I've been playing around with cryptocat, which is an interesting online chat service that allows you to encrypt your messages with a key, so that only people with the same key can read your message. An interesting aspect of the service (in my opinion) is the fact that text encrypted using a key other than the one that you're using is displayed simply as "[encrypted]", rather than a bunch of garbage cipher text. My question is, in Python, is there a good way to determine whether or not a given piece of text is cipher text? I'm using RC4 for this example, because it was the fastest thing I could implement (based on the pseudo-code on Wikipedia. Thanks.
there is no guaranteed way to tell, but in practice you can do two things:
check for many non-ascii characters (if you're expecting people to be sending english text).
check the distribution of values. in normal text, some letters are much more common than others. but in encrypted text, all characters are about equally likely.

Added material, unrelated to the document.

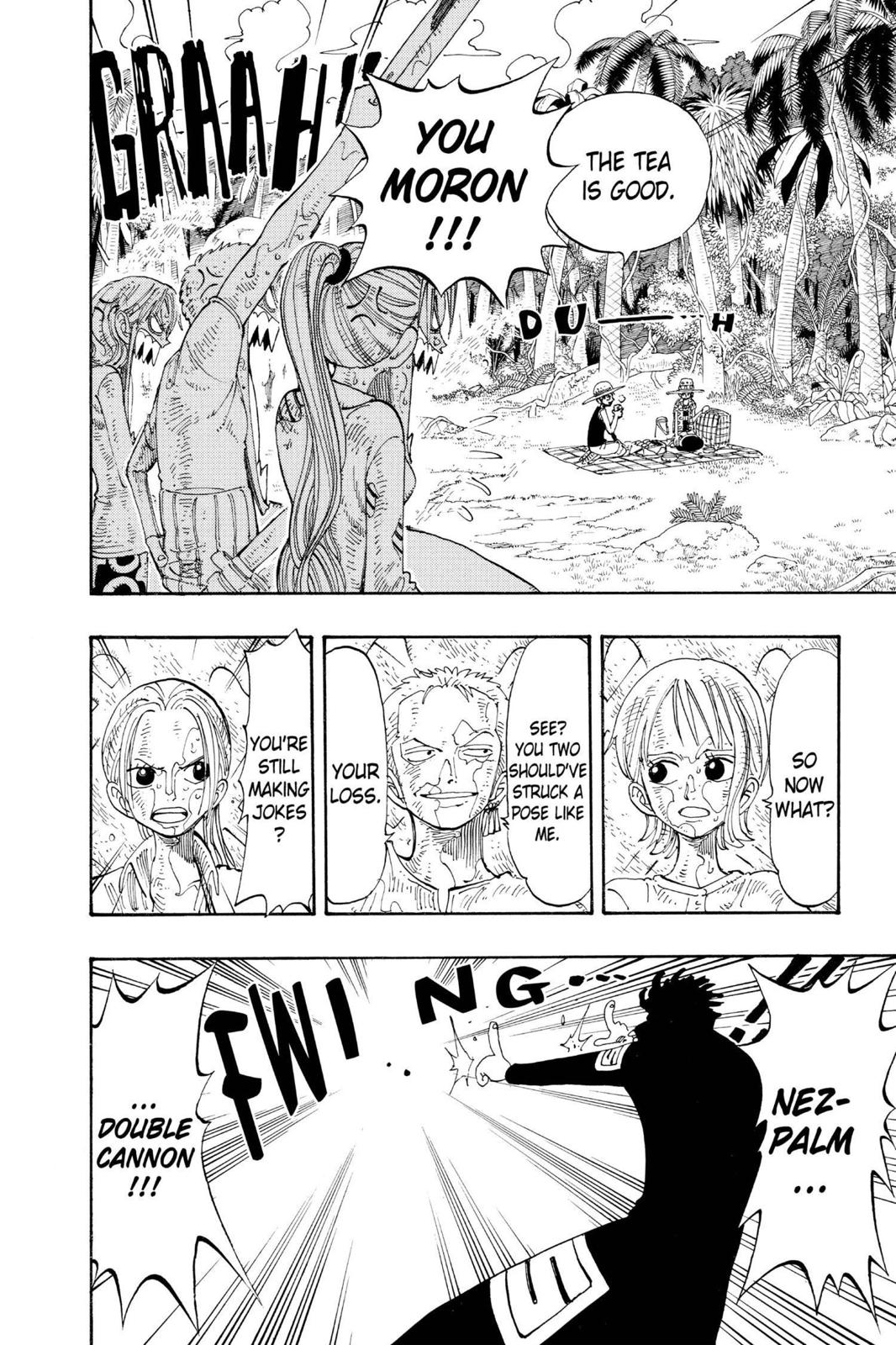 One Piece Chapter 124 - Page 12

a simple way of doing the latter is to see if any character occurs more than (N/256) + 5 * sqrt(N/256) times (where you have a total of N characters), in which case it's likely a natural language (unencrypted).
in python (reversing the logic above, to give "true" when encrypted):
def encrypted(text):
scores = defaultdict(lambda: 0)
for letter in text: scores[letter] += 1
largest = max(scores.values())
average = len(text) / 256.0
return largest < average + 5 * sqrt(average)
the maths comes from the average number being a gaussian distribution around the average, with a variance equal to the average - it's not perfect, but it's probably close enough. by default (with small amounts of text, when it is unreliable) this will return false (sorry; earlier i had an incorrect version with "max()" which had the logic for small numbers the wrong way round).